Instructions to follow:
Starting from the line with "芸能人から海外美女まで100人以上抱いて学んだモテる男だけが知っている心理法則" and going up to and including the line with "在飛比找Yahoo!奇摩拍賣", copy the listing below exactly. Leave all images out.

Exercise data:

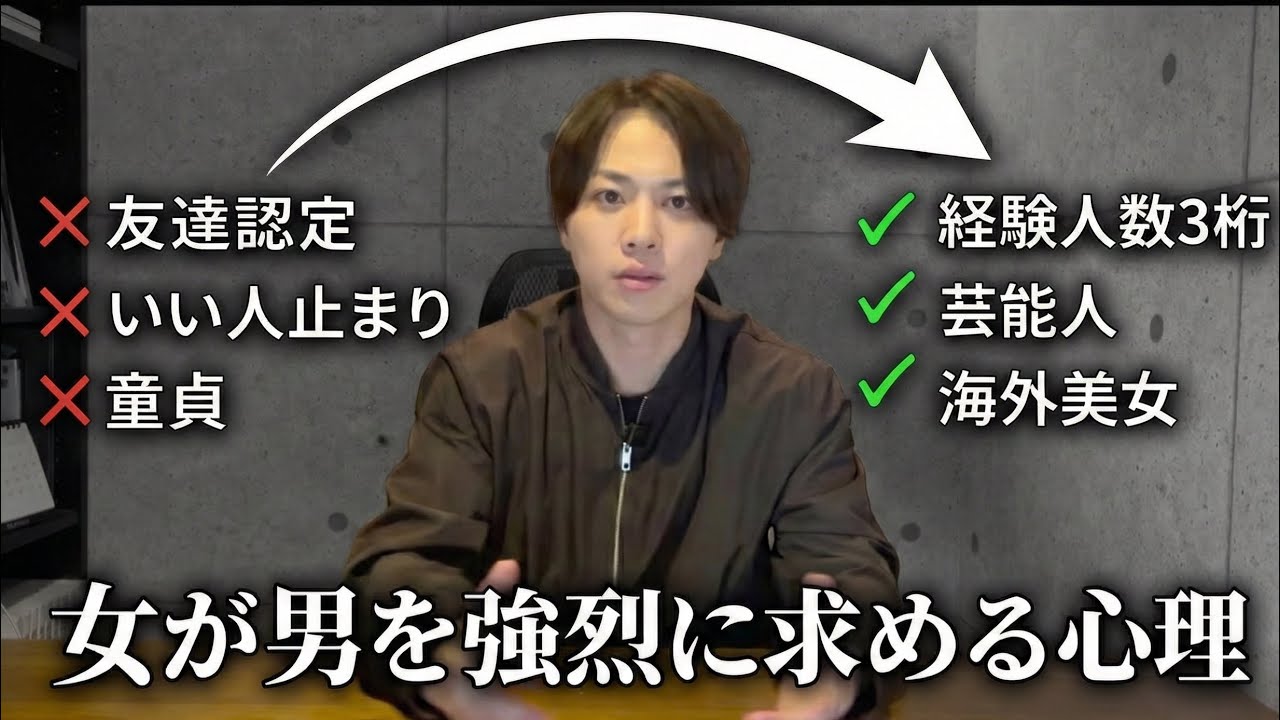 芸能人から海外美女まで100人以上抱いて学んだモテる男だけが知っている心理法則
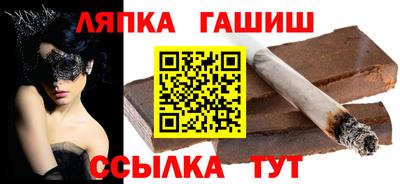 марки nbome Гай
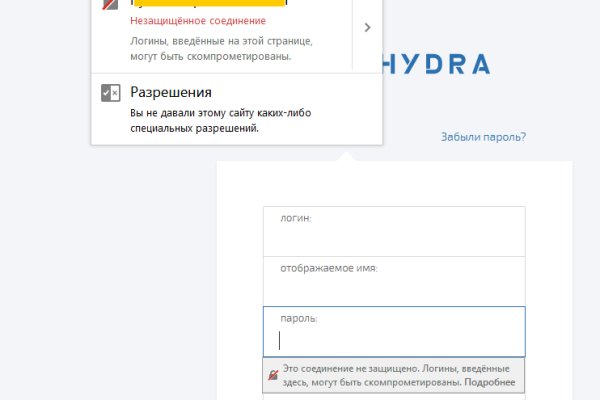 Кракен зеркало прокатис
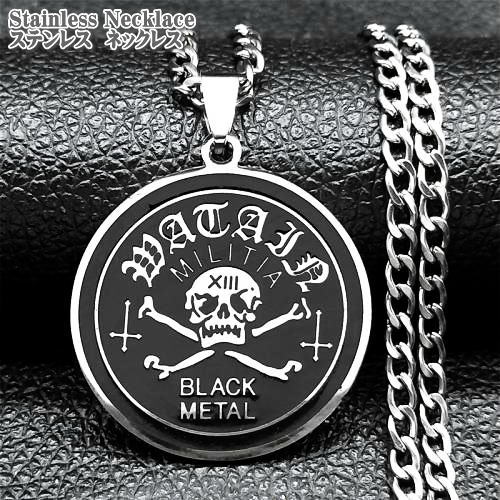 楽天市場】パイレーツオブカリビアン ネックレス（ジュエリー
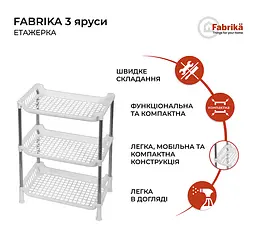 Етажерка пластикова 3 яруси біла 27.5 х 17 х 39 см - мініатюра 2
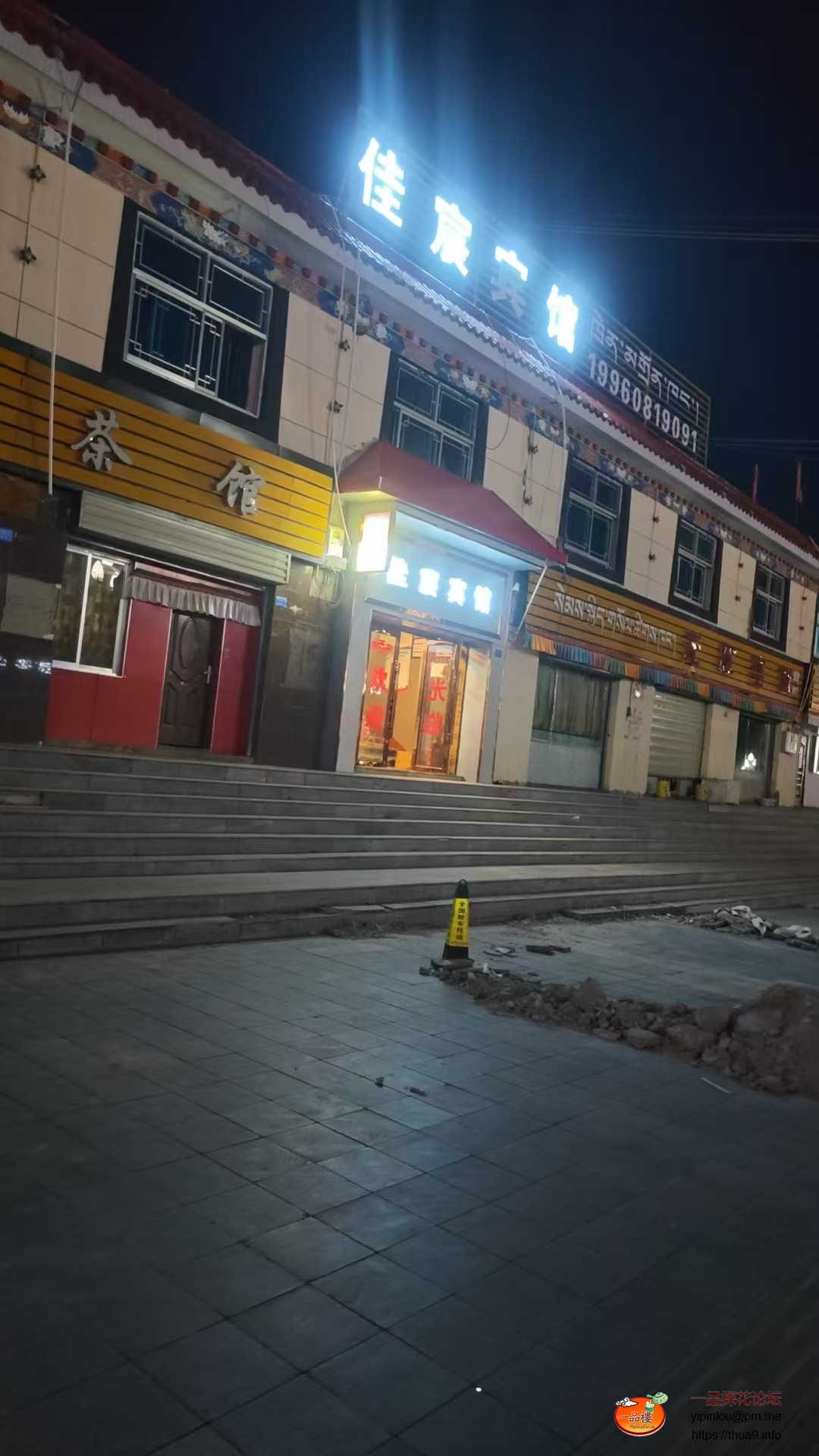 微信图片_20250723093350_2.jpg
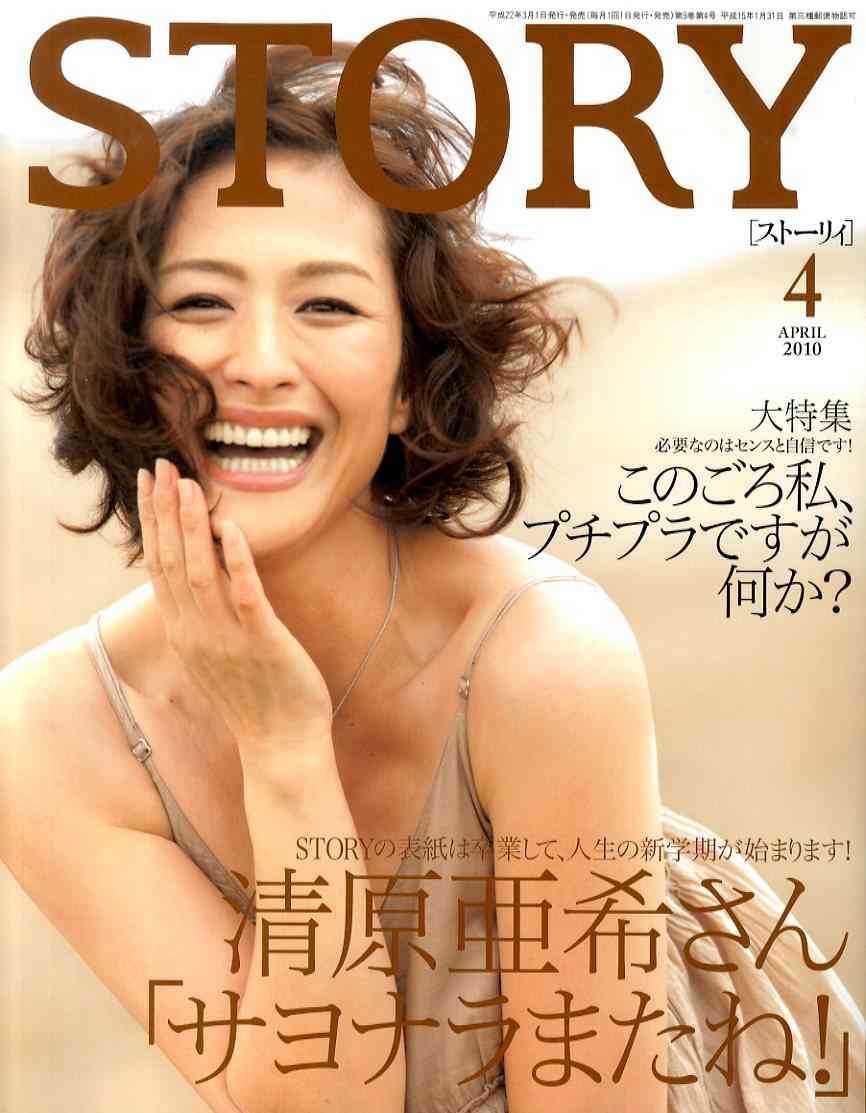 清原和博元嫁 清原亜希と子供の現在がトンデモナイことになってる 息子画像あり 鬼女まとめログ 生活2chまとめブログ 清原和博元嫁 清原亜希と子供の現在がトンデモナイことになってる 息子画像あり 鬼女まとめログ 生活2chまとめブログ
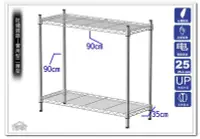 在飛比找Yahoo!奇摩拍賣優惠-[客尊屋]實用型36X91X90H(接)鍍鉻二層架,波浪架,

---

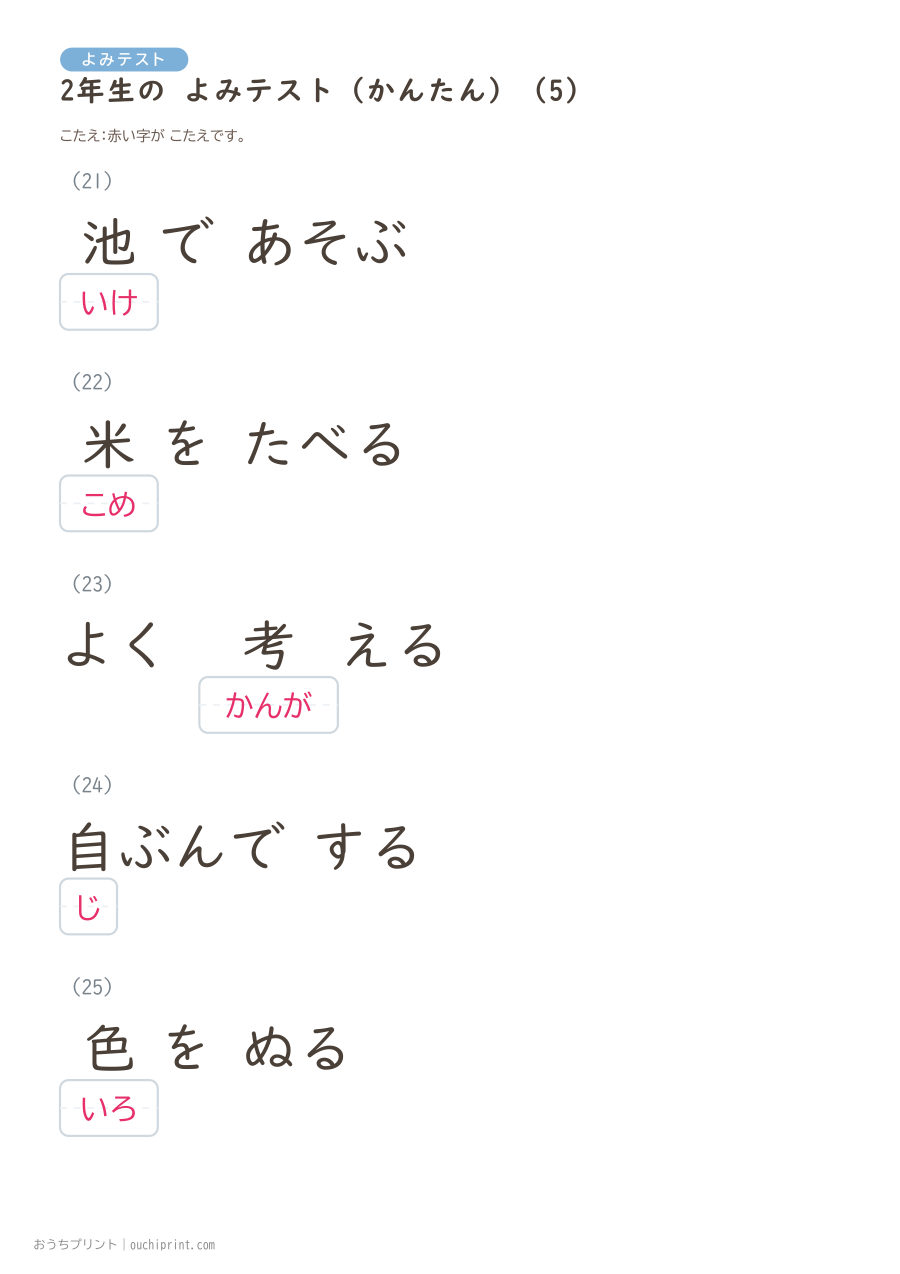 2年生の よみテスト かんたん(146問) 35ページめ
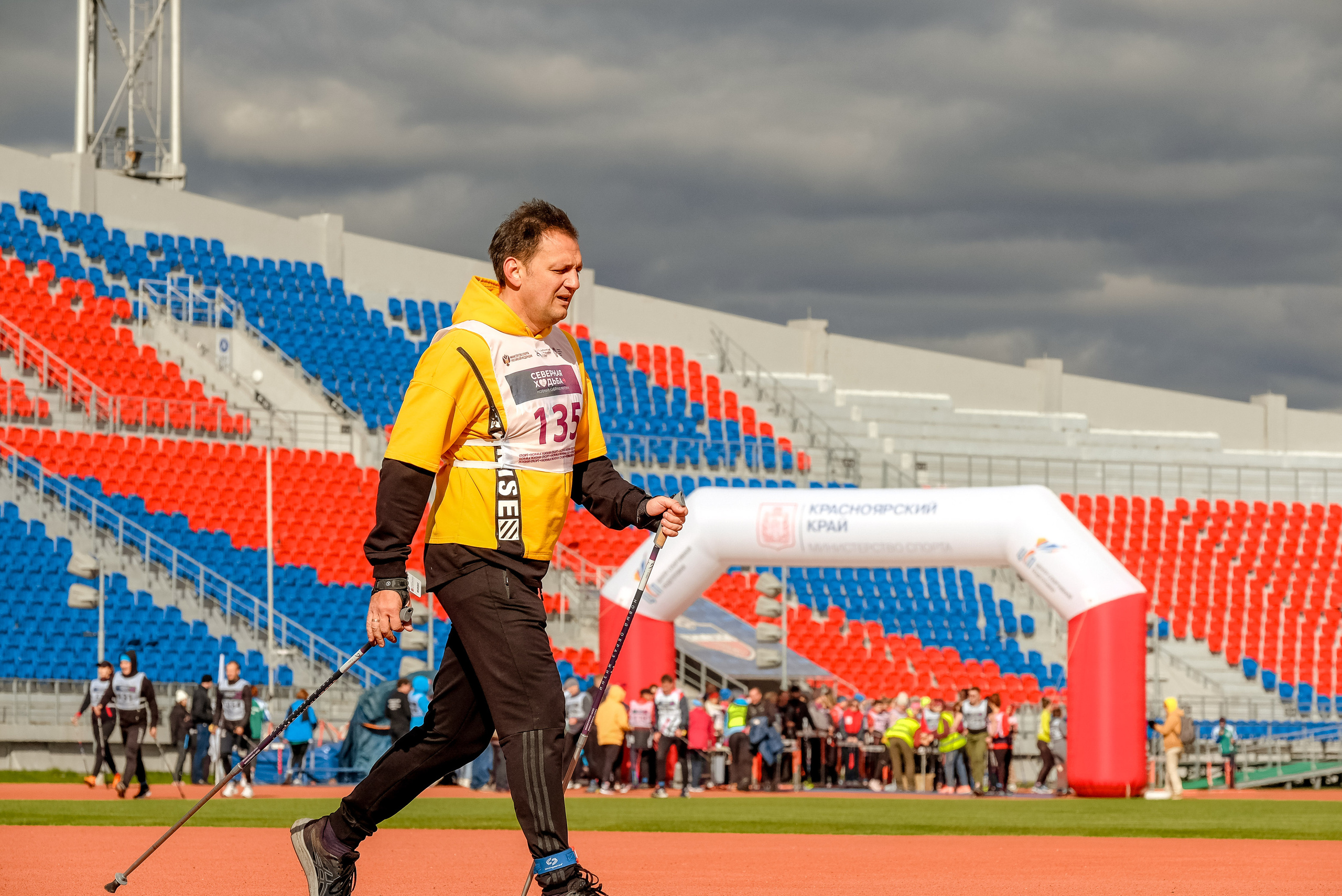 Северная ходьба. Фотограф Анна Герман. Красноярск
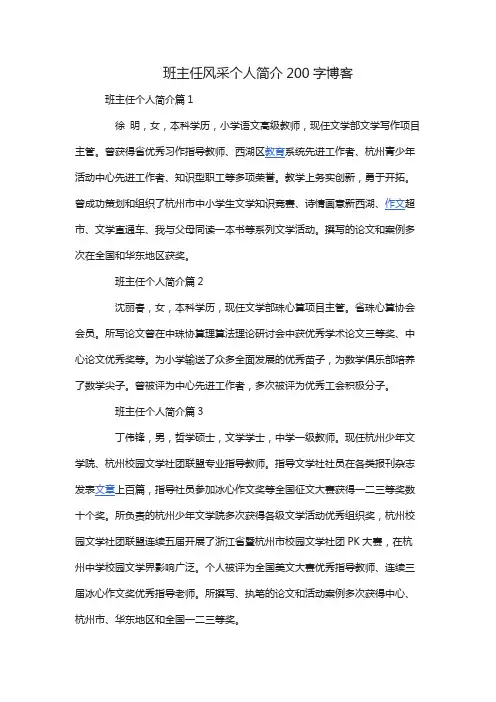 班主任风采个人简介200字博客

Your response:
 芸能人から海外美女まで100人以上抱いて学んだモテる男だけが知っている心理法則
 марки nbome Гай
 Кракен зеркало прокатис
 楽天市場】パイレーツオブカリビアン ネックレス（ジュエリー
 Етажерка пластикова 3 яруси біла 27.5 х 17 х 39 см - мініатюра 2
 微信图片_20250723093350_2.jpg
 清原和博元嫁 清原亜希と子供の現在がトンデモナイことになってる 息子画像あり 鬼女まとめログ 生活2chまとめブログ 清原和博元嫁 清原亜希と子供の現在がトンデモナイことになってる 息子画像あり 鬼女まとめログ 生活2chまとめブログ
 在飛比找Yahoo!奇摩拍賣優惠-[客尊屋]實用型36X91X90H(接)鍍鉻二層架,波浪架,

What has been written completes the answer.